Methicillin-resistant Staphylococcus aureus induced reactive arthritis treated with systemic corticosteroid

Thorsten M. Leucker, Shivani V. Reddy, Bryan K. Moffett

Research output: Contribution to journalArticlepeer-review

Abstract

Reactive arthritis consists of the classic clinical triad of arthritis, urethritis and conjunctivitis generally occurring within 6 weeks of an infection, typically of the gastrointestinal or genitourinary systems. Staphylococcus aureus is not usually implicated in this condition. Staphylococcal septicemia, while frequently associated with arthralgia, has rarely been associated with a sterile arthritis, although it infrequently results in septic arthritis. It is important to consider reactive arthritis, rather than solely an infectious cause of joint effusions, and arthropathy in a patient with a preceding or ongoing Staphylococcal infection.
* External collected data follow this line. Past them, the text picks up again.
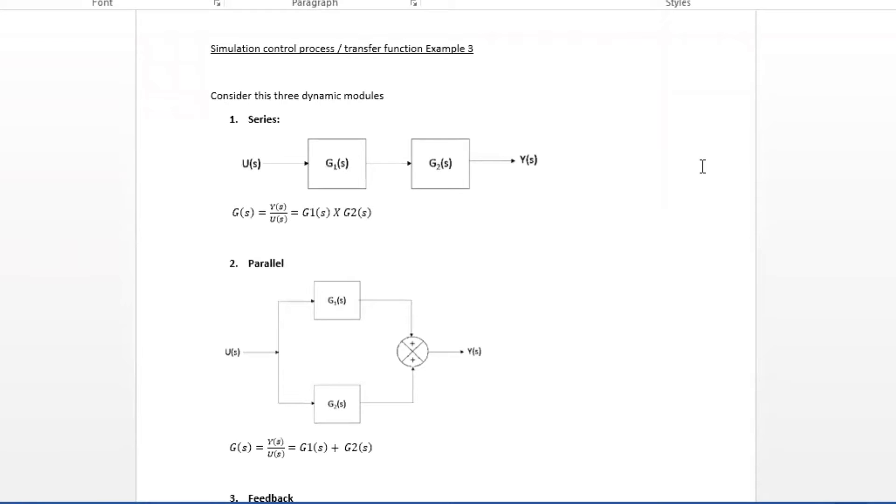Hi there, welcome to Octave Lessons with Myself. We are going to look at transfer functions. How would you solve this using Octave?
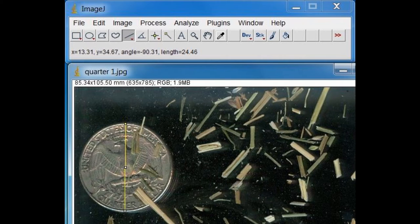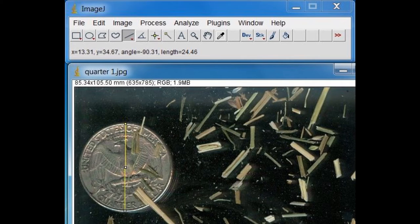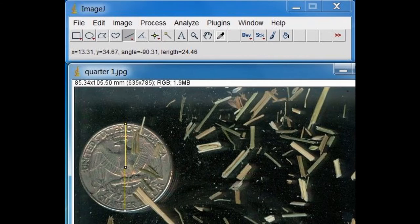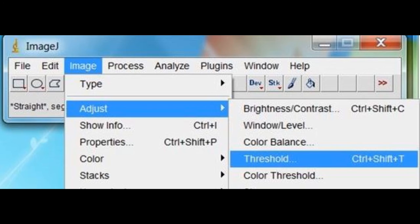Now the threshold range must be set. The ImageJ software requires that the image be a binary image that consists of two colors, so a range must be set so the particles within the range will be one color and the particles outside the range will be another, typically black and white. This is done by selecting Image, Adjust, then Threshold.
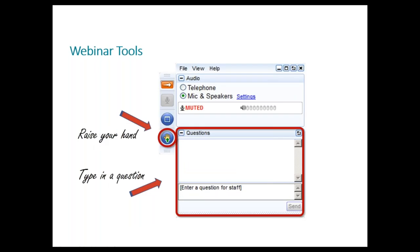During the webinar we might ask you a question so we can better understand and improve your experience with this topic. We will ask you to raise your hand — to do that just click that little hand icon on the side of your control panel. Remember to lower your hand afterwards by clicking on the same blue icon.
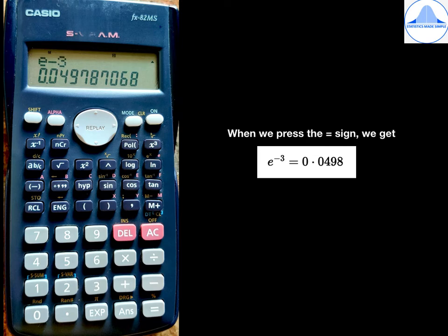Usually, we take only 4 places after the decimal after rounding off. Hence, e to the power minus 3 will be equal to 0.0498. You can try out similar calculations for other values of x.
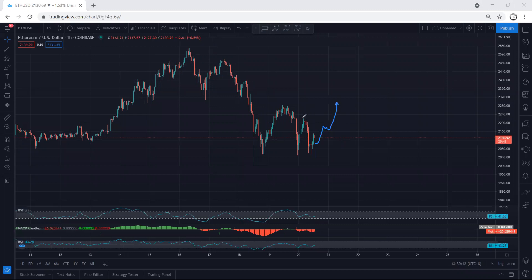Or we can have entry above this level, or here if we get a sharp move.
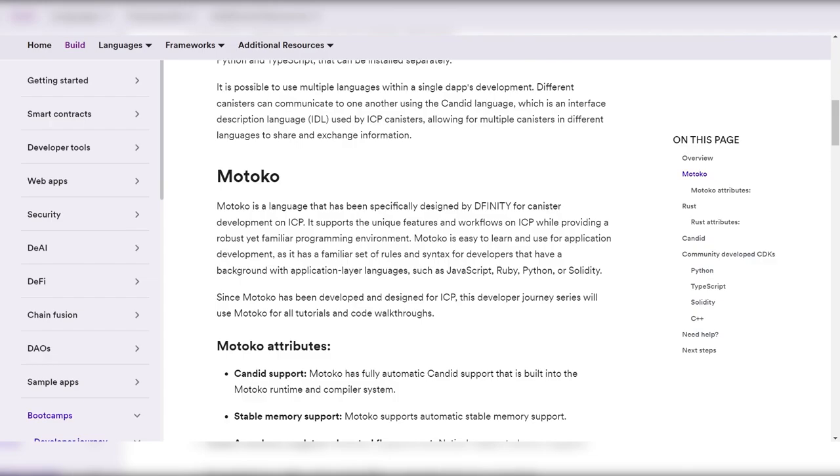Hey, today we're gonna talk about ICP and its multiple coding languages.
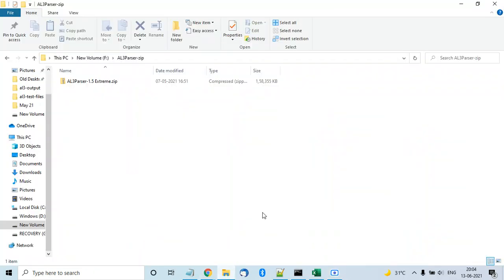In this video I'm going to give you a demo of the AL3 Parser product from WinsureTech. You can use it on a server or a machine if you don't want to use it over a REST API.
We report a case of reactive arthritis, in a human leukocyte B27-positive patient, following a recurrent bacterial prostatitis caused by methicillin-resistant S aureus.

Original languageEnglish (US)
Pages (from-to)172-173
Number of pages2
JournalAmerican Journal of the Medical Sciences
Volume346
Issue number2
DOIs
StatePublished - Aug 2013
Externally publishedYes

Keywords

  • Corticosteroids
  • HLA-B27
  • Methicillin-resistant Staphylococcus aureus
  • Reactive arthritis
  • Seronegative spondyloarthropathy

ASJC Scopus subject areas

  • Medicine(all)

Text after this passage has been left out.